College was a time of discovery and mind opening. Exploring vast new cultural vistas. I met and befriended all of the types of people whom I couldn’t while growing up in the New Jersey suburbs. The University of the Arts in Philadelphia, as the only university in the country devoted completely to the arts, became the stage on which I grew into an artist and designer. There were musicians and actors and painters and photographers and dancers and too many other classifications of artists to mention. There was no campus. Like so many other city schools, students and the public walked side by side on the way to class and to work.
There are moments from my days as an undergrad that stick out in my head like they happened yesterday. Moments that will also stay with me forever.
I remember in my first drawing class in college, we all had to hang up our first assignment on the big crit wall. The professor asked the class if anyone liked their work or thought they did a good job.
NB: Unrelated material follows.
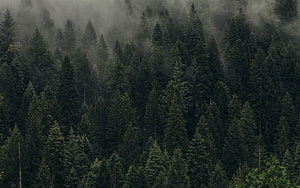 Misty Evergreen Forest Landscape With Foggy Pine Trees HD wallpaper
Now, things were very competitive, even early on, not to mention this was an obvious setup for criticism. At least 60 seconds of silence followed. No one so much as blinked. I raised my hand to what seemed like half laughter and half horrified gasps. I can picture a fellow student, in slow-motion, silently mouthing, “nooooooo!” like we were sitting in “The Breakfast Club” and I was about to be rack up my 12th Saturday detention. “You mess with the bull, you get the horns.” Nothing bad came of it. I survived and certainly made an impression.
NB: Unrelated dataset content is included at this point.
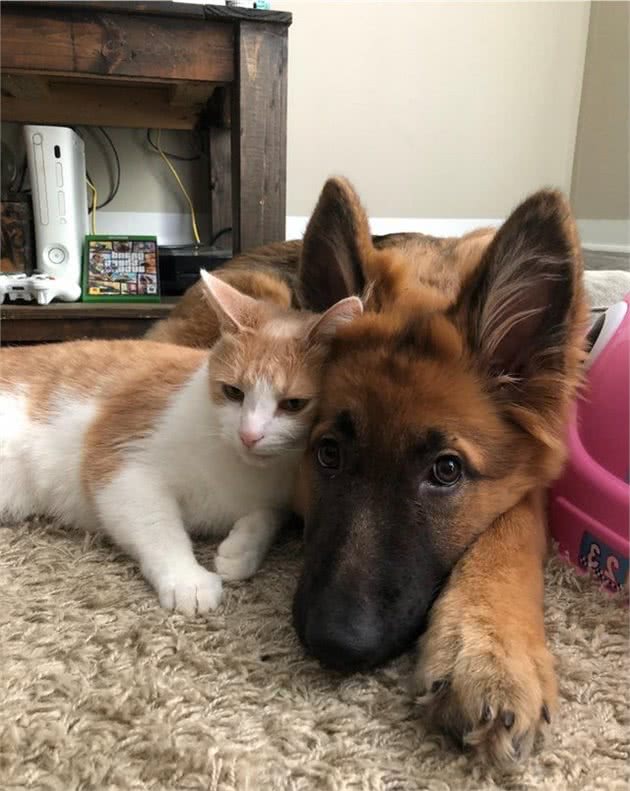 17张猫狗的可爱抱抱照，根本不是冤家啊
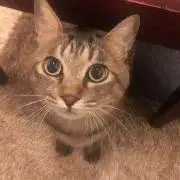 HaruNeko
I remember a fellow student calling me over in the computer lab for a, “whadaya think of this?” This student was and still is a close friend of mine and I had to decide whether to tell her it was great or that it was not-so-great. It was really just OK. I said, “Lisa, you’re better than that.” And she was better than that, and she said, “You’re right, I am better than that.” I still tell her that to this day.
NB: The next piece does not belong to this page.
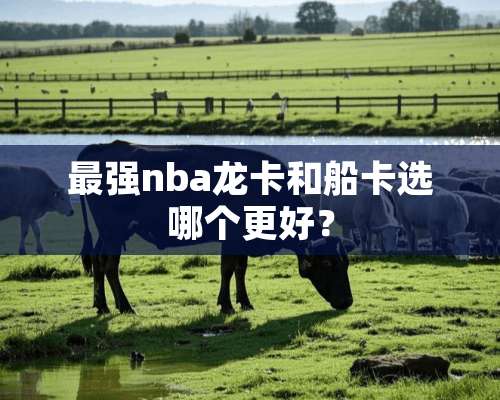 最强nba龙卡和船卡选哪个更好？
I remember having a drawing class for graphic designers with a slightly (extremely) eccentric teacher. She was and is an amazing and passionate artist. We really did learn to draw in that class. It was one of those, “forget everything you know about drawing and pencils and art and life” classes with a master. In between learning to draw and translate objects into graphite, we would have other creative exercises. Every day, for a short while at the beginning of our six-hour class, we would paint abstracts with tempera on newsprint to get out whatever we were feeling that day. One day, as what seemed like an experiment, she read a story, and the class drew whatever came to them. I did not love this activity but went on with it for the time it lasted. The very next class, our teacher asked us to raise our hands if we didn’t want to try this particular exercise again. Let me say, that in the context of the moment, I was sure that we were voting. Well, myself and two other students were the only ones to raise our hands for not wanting to do this exercise again. Our teacher promptly asked us to leave the room while the rest of the class completed the exercise. Excellent.
There were all-nighters, not to finish an assignment, but to make it perfect. Tough critiques leading to self-doubt. In my case, it was my closest friends who were most ruthless. There was serious but friendly competition as we all pushed each other to be better, all striving to live up to designers who came before us. I believe that without the constant critiquing at all hours, one-upsmanship and hands-on encouragement, we wouldn’t be where we are today.
I remember a professor teaching our Typography class about “Cloud Type”. I remember feeding type through the wax machine and the feeling of it as you stuck it to a clean piece of white paper. I remember a professor calling a classmate’s work, “trite.” I remember a professor looking at my first hand painted letters and telling me, “You just don’t see.” I remember being convinced that in the second week of class with one professor, that my semester-long assignment was finished. I remember having an intensive workshop with an outside expert on email interfaces at a time when just about no one in the class had ever used email. I remember a guest critic not wanting me to do my senior project on Coca-Cola because it was too “corporate.” And, I remember a classmate having to have a talk with the Dean after showing off his “Prince Albert” in the studio.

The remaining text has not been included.